How to pick orthologs for non-elegans species when tied for orthology methods (tie-breaker rules): We have too many C.elegans genes listed as orthologs for a non-elegans gene; these will be pruned using popularity (via number of publications) and (gene class name):

  1. If more then 3 orthologs, in the form of gene names (eg, abu-6, abu-7, abu-8) use the popularity and gene class to prune
  2. Genes that don't have any other members of their class get picked and mentioned first, by popularity, if not alphabetical; if tied by popularity, order by alphabetically
  3. If there is only one gene class, use popularity to pick the top 3 genes, order by popularity, if tied, use numerical
  4. If there is more than one gene class, use popularity to pick the top gene in each class, meaning you would name the leading (in popularity) gene class first; if tied, order alphabetically; in both cases
  5. If cosmid names (eg.C54D10.9), list upto 3, as gene class cannot be used
  6. If both genes and cosmids are present, use the gene class and popularity rules for the genes and leave the cosmids as is (total upto 3)
  7. If genes without gene classes and with gene classes are present, use popularity to pick either/both genes and gene classes (total upto 3). Order the genes first and then the gene classes, mention a single gene for each gene class, picked by popularity.
  8. If both popularity and gene class cannot be used, leave as such, upto 3.

How to pick human orthologs for C. elegans when tied for orthology methods (tie-breaker rules):

  1. Group human genes by their family names, when 3 or more human orthologs are present, mention the first member
  2. If more than one family is present, include the first member from each family
  3. If a gene does not fall into any human gene family, leave as is, and mention this gene first, with the word 'human' before it.
  4. If a gene is the only member of a human gene family, mention the gene with the word 'human' before it, and not the family.
valearna commented 6 years ago

Instead of creating a request to Human gene names API for each gene, we can download a file containing the data we need for all genes at the same time. This will save A LOT of time.

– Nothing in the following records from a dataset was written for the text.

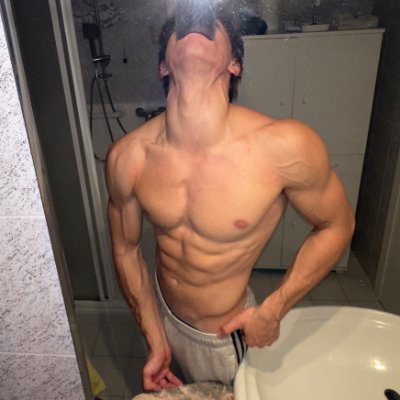 KingZeb's profile picture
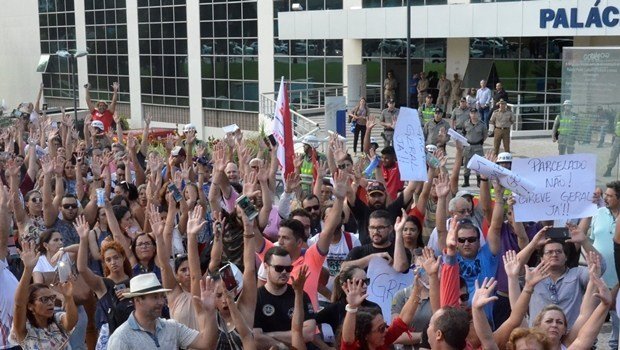 Professores da rede estadual decidem manter greve até a próxima seta-feira
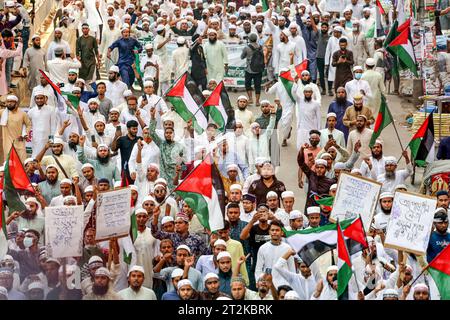 Dhaka, Bangladesh, 20/10/2023, Démo pro-Palästina à Dhaka, Bangladesh les musulmans bangladais se réunissent pour manifester en solidarité avec le peuple palestinien à la mosquée nationale Baitul Mukarram après la prière du vendredi, à Dhaka, Bangladesh, le 20 octobre 2023. District de Wari Dhaka Bangladesh Copyright : xHabiburxRahmanx crédit : Imago/Alamy Live News Banque D'Images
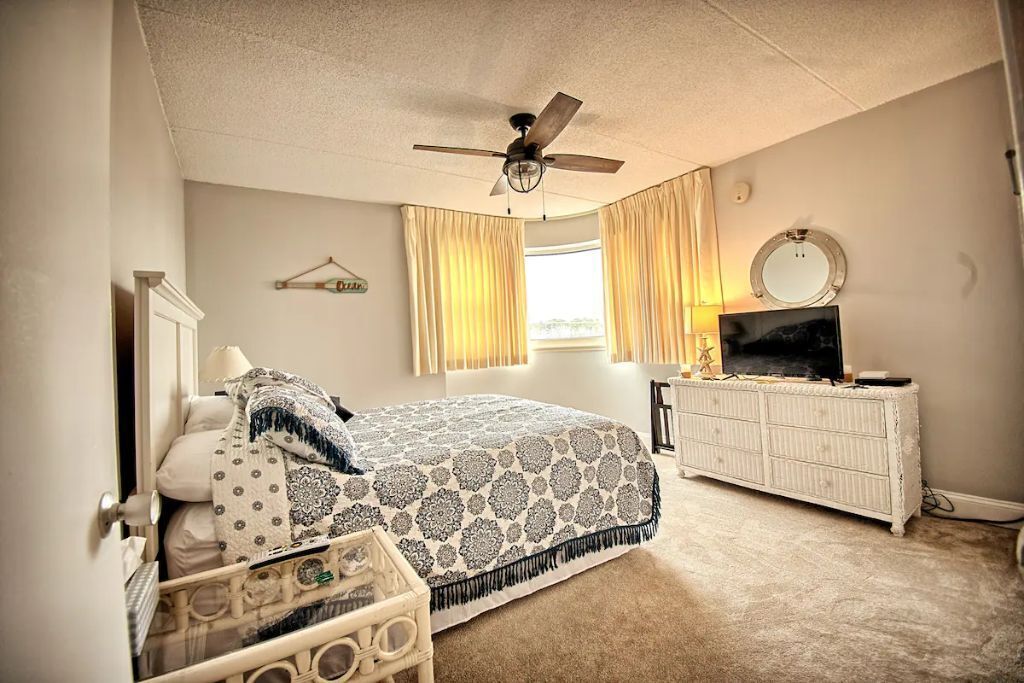 3 bedrooms, desk, iron/ironing board, free WiFi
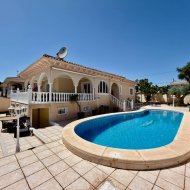 Reventa - Chalets -
Ciudad Quesada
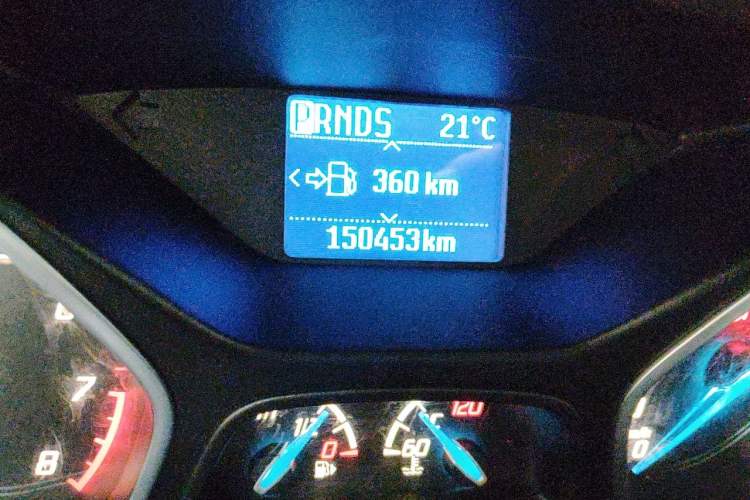Used Ford Focus 2012 Sedan 1.6L Automatic Fashion Edition Odometer Close Up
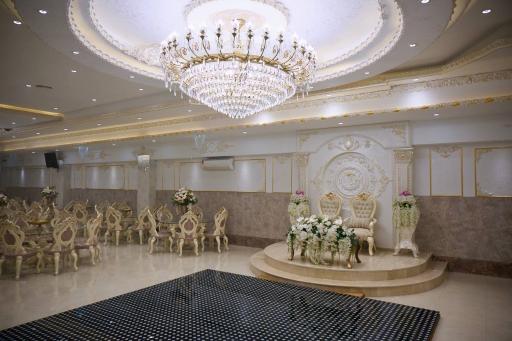 عکس تالار قیزیل آلما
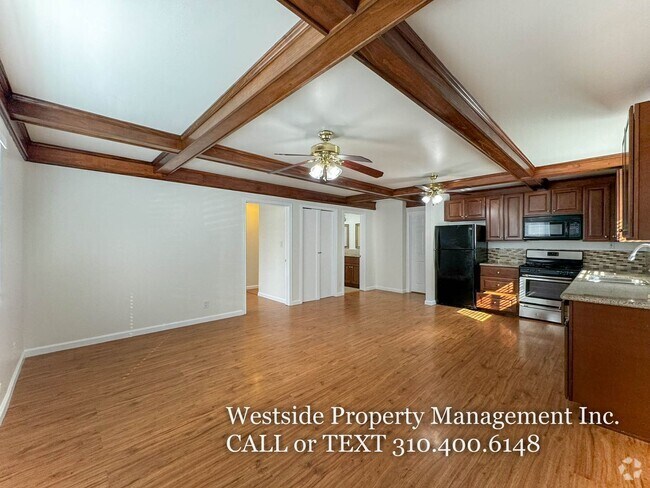 Building Photo - 6146 Aldama St Unit 6148 Rental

https://www.genenames.org/cgi-bin/download?col=gd_hgnc_id&col=gd_app_sym&col=gd_app_name&col=gd_pub_ensembl_id&col=family.id&col=family.name&status=Approved&status=Entry+Withdrawn&status_opt=2&where=&order_by=gd_app_sym_sort&format=text&limit=&hgnc_dbtag=on&submit=submit

valearna commented 5 years ago

We decided to remove rule 3. and we now include all human orthologs without excluding those with only 1 method.